[Image-caption web data]
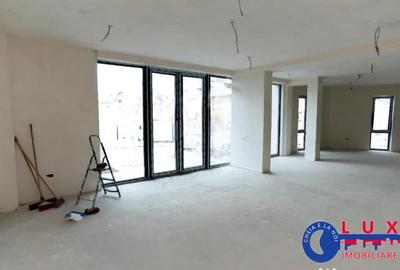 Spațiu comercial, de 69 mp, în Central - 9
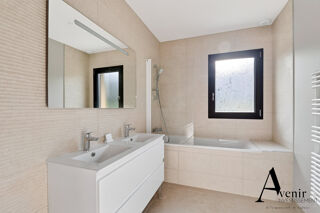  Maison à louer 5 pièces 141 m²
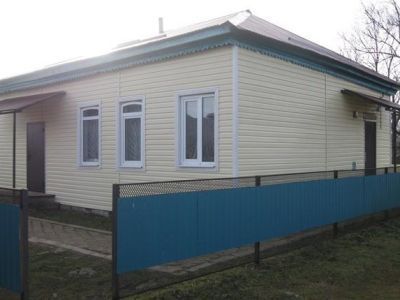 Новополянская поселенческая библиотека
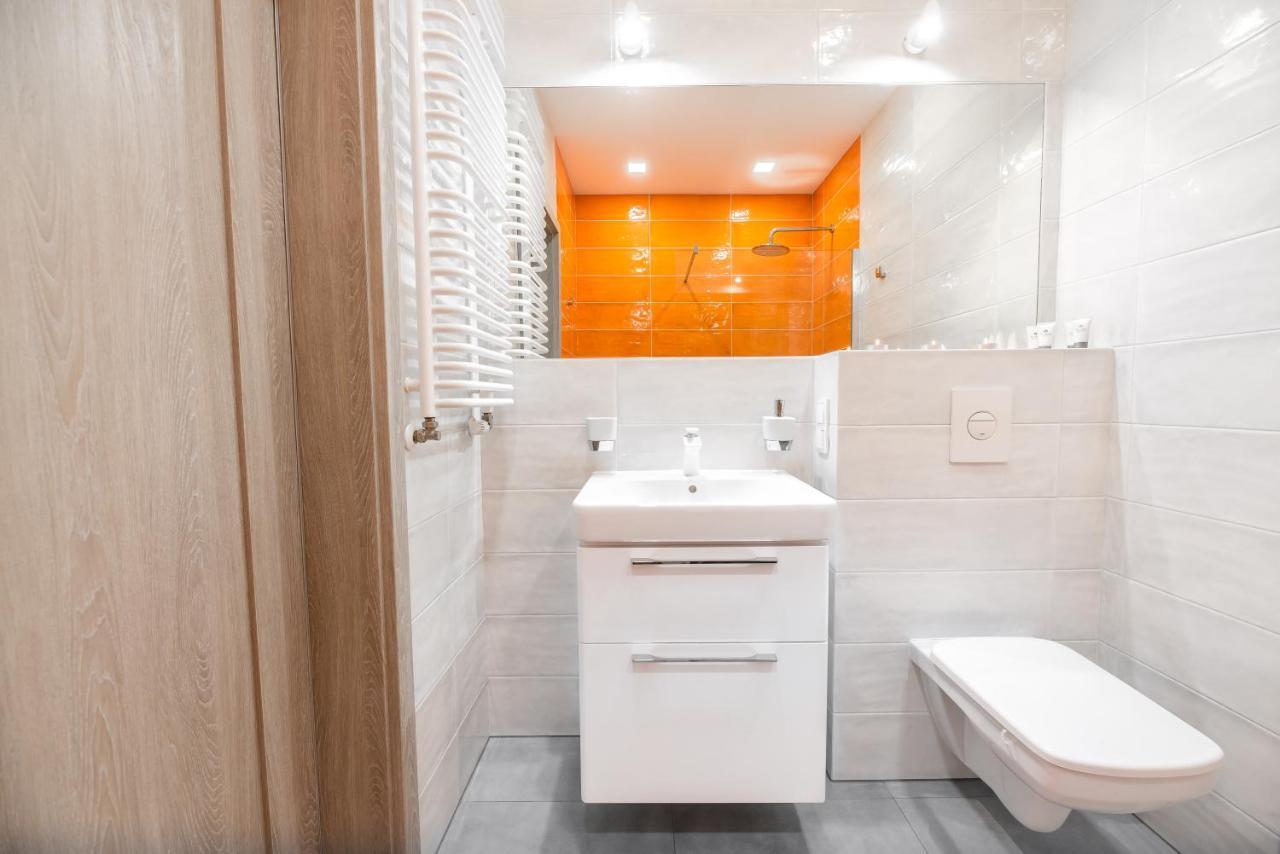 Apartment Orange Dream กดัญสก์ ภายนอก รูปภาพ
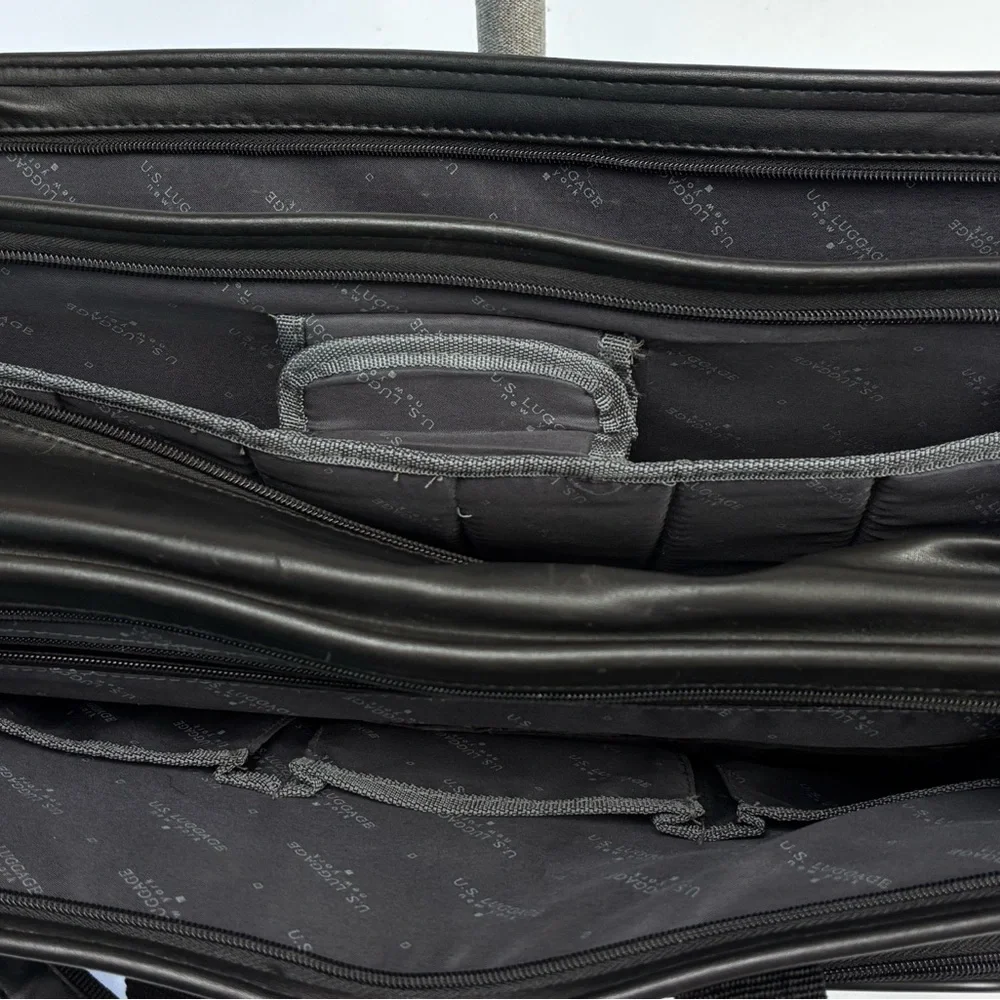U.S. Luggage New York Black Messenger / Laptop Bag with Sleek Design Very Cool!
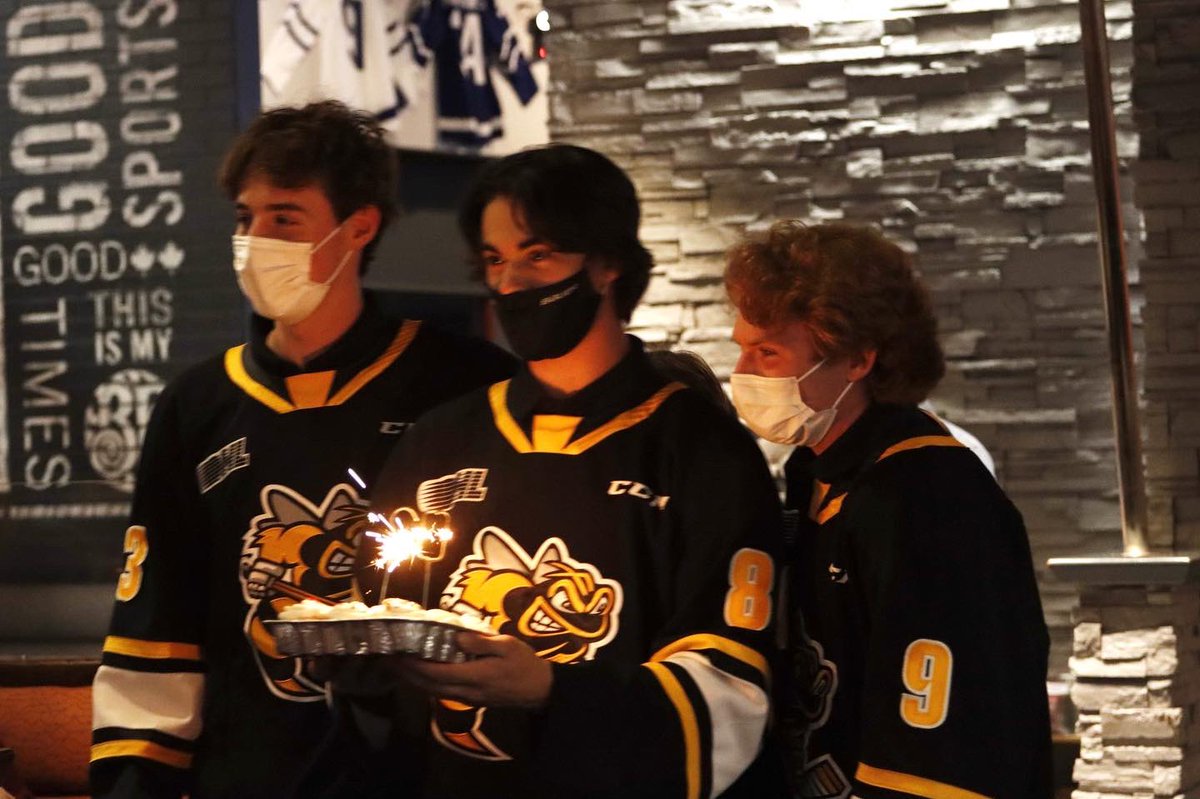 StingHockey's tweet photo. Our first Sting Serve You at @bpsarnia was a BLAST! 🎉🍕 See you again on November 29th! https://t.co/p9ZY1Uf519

**Requirement:** Strip out the pictures and quote the remaining data word for word.

**Response box:**
 Spațiu comercial, de 69 mp, în Central - 9
  Maison à louer 5 pièces 141 m²
 Новополянская поселенческая библиотека
 Apartment Orange Dream กดัญสก์ ภายนอก รูปภาพ
U.S. Luggage New York Black Messenger / Laptop Bag with Sleek Design Very Cool!
 StingHockey's tweet photo. Our first Sting Serve You at @bpsarnia was a BLAST! 🎉🍕 See you again on November 29th! https://t.co/p9ZY1Uf519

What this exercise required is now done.